(EXTRACTED DATA)

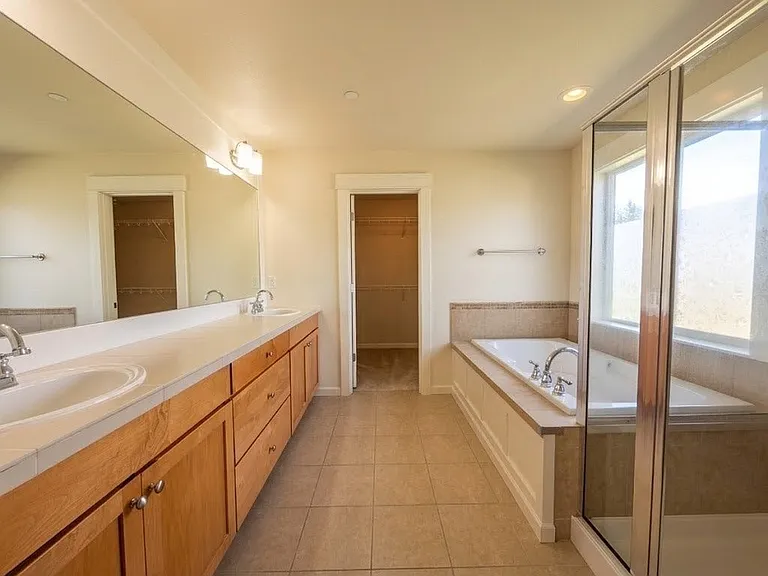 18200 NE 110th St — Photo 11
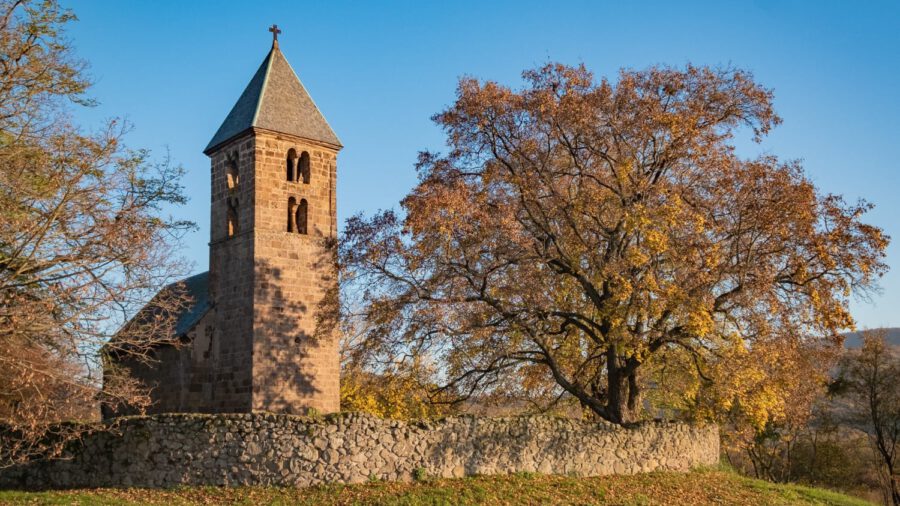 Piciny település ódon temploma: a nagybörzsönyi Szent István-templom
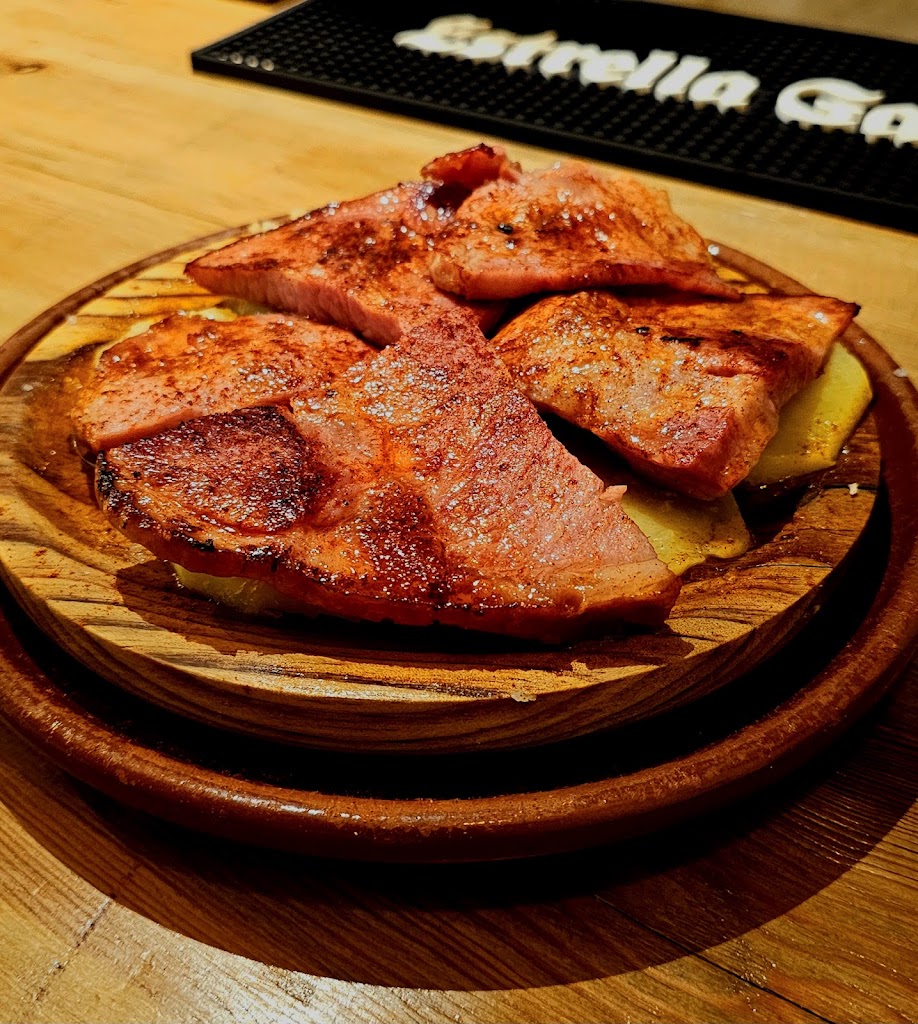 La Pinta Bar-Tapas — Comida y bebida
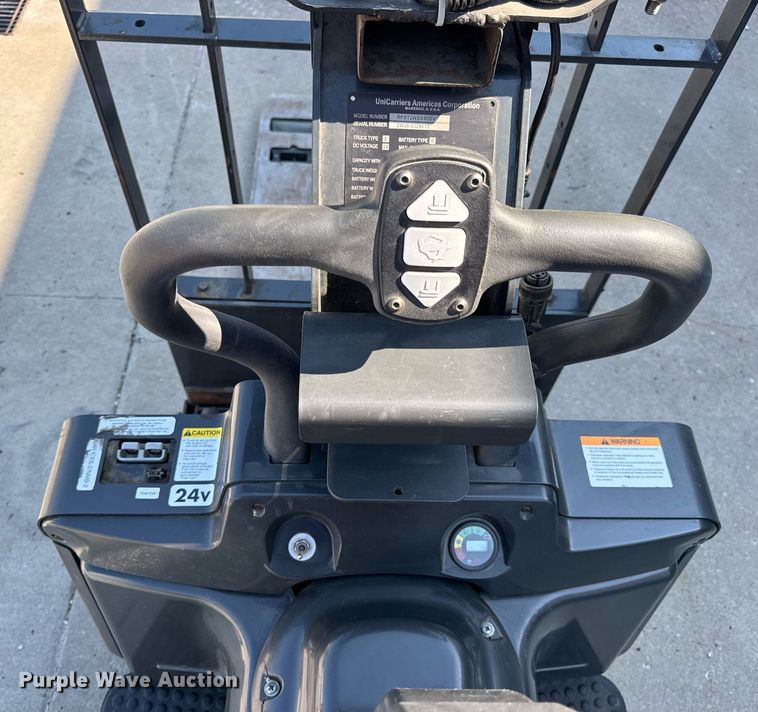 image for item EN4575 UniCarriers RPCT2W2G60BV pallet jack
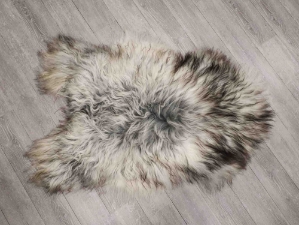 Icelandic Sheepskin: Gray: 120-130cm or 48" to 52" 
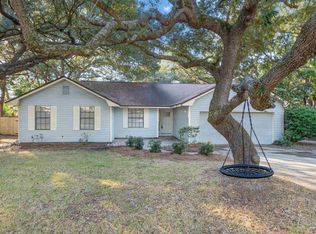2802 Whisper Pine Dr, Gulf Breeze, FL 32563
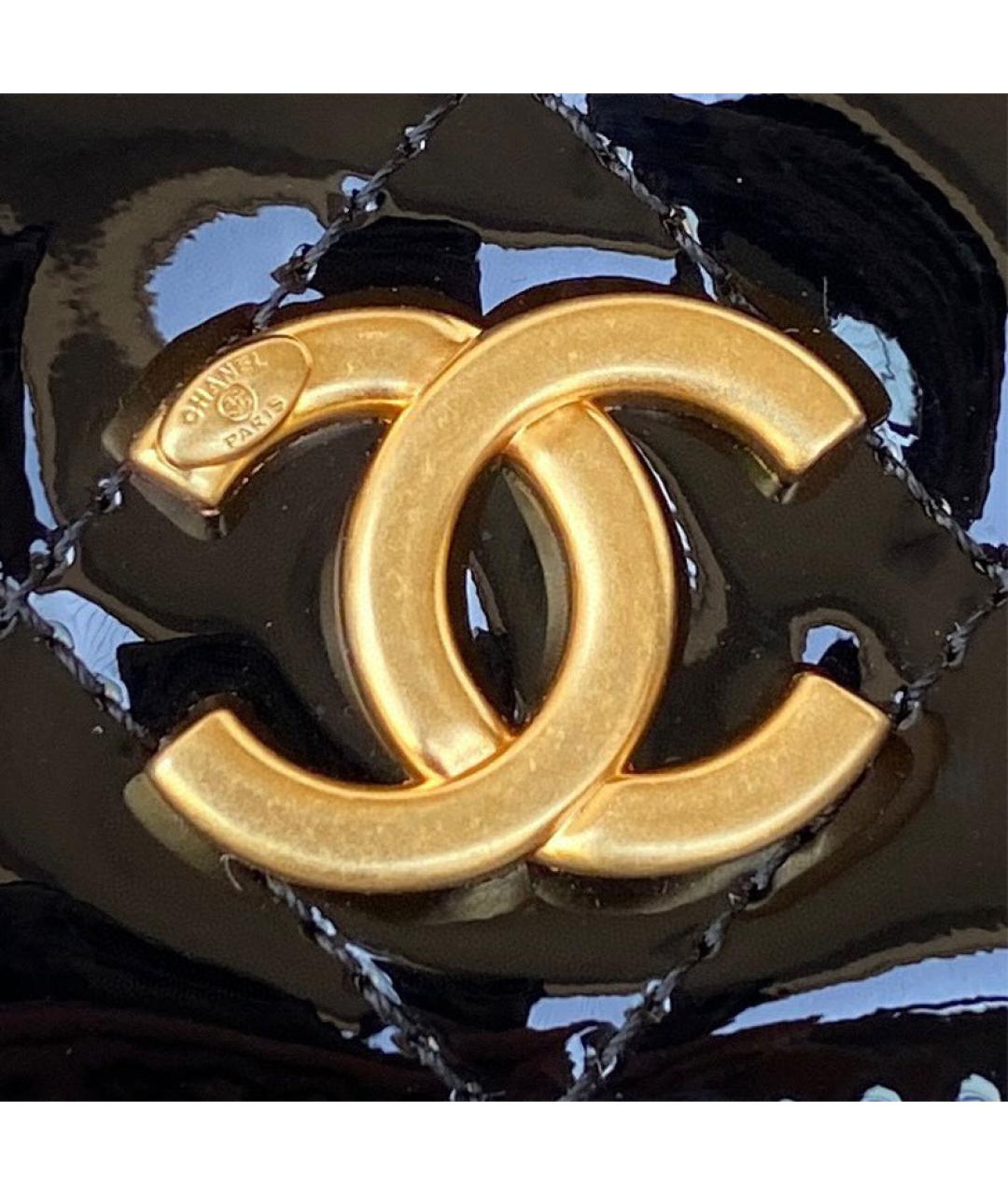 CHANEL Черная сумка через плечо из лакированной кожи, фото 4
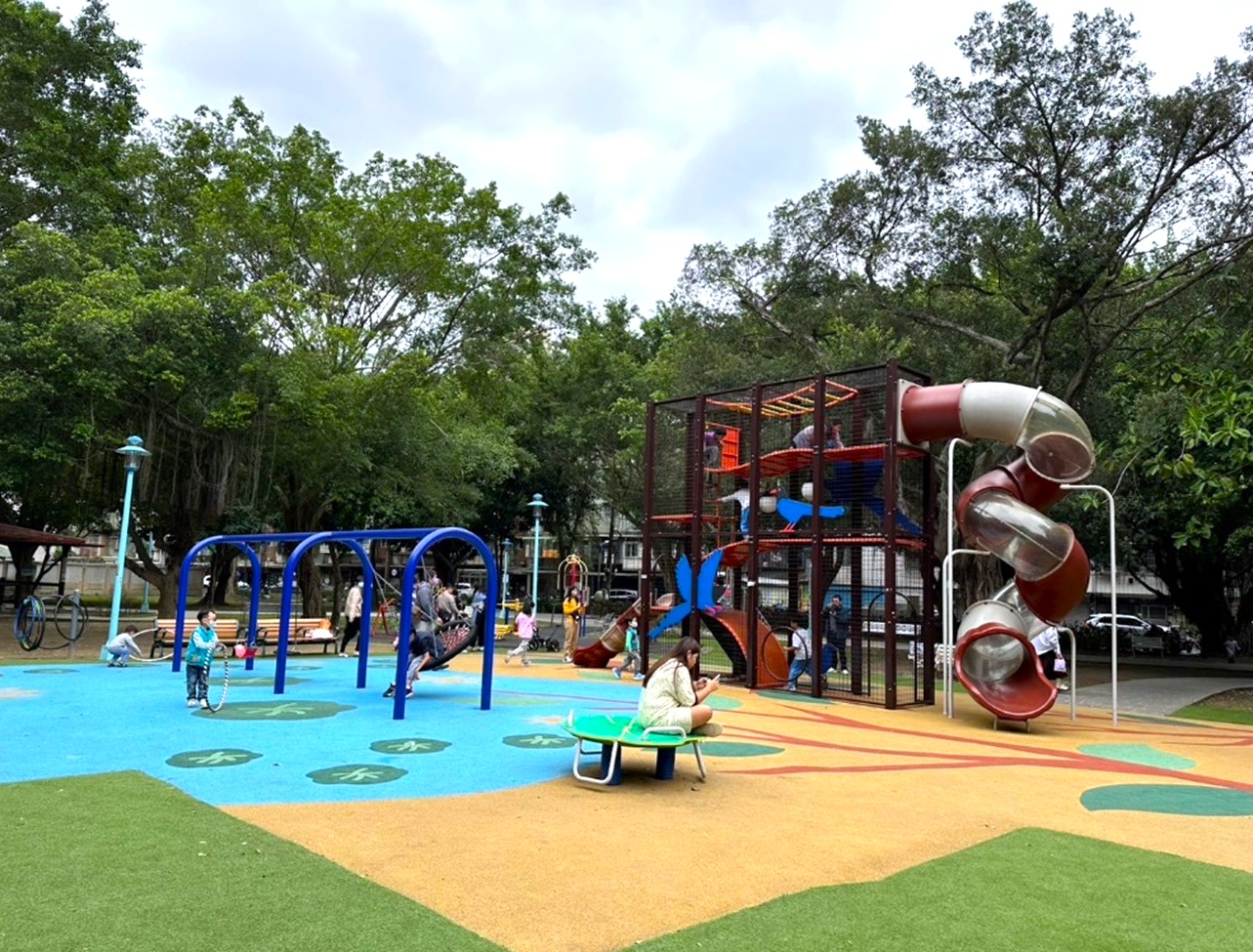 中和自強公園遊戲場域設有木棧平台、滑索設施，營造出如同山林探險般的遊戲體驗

(End EXTRACTED DATA)

PROBLEM DETAILS: All lines from the one containing "La Pinta Bar-Tapas — Comida y bebida" through the final line of the records are to be retyped exactly; no other lines and no pictures are to be included.

SOLUTION TO THIS PROBLEM:
 La Pinta Bar-Tapas — Comida y bebida
 image for item EN4575 UniCarriers RPCT2W2G60BV pallet jack
 Icelandic Sheepskin: Gray: 120-130cm or 48" to 52" 
2802 Whisper Pine Dr, Gulf Breeze, FL 32563
 CHANEL Черная сумка через плечо из лакированной кожи, фото 4
 中和自強公園遊戲場域設有木棧平台、滑索設施，營造出如同山林探險般的遊戲體驗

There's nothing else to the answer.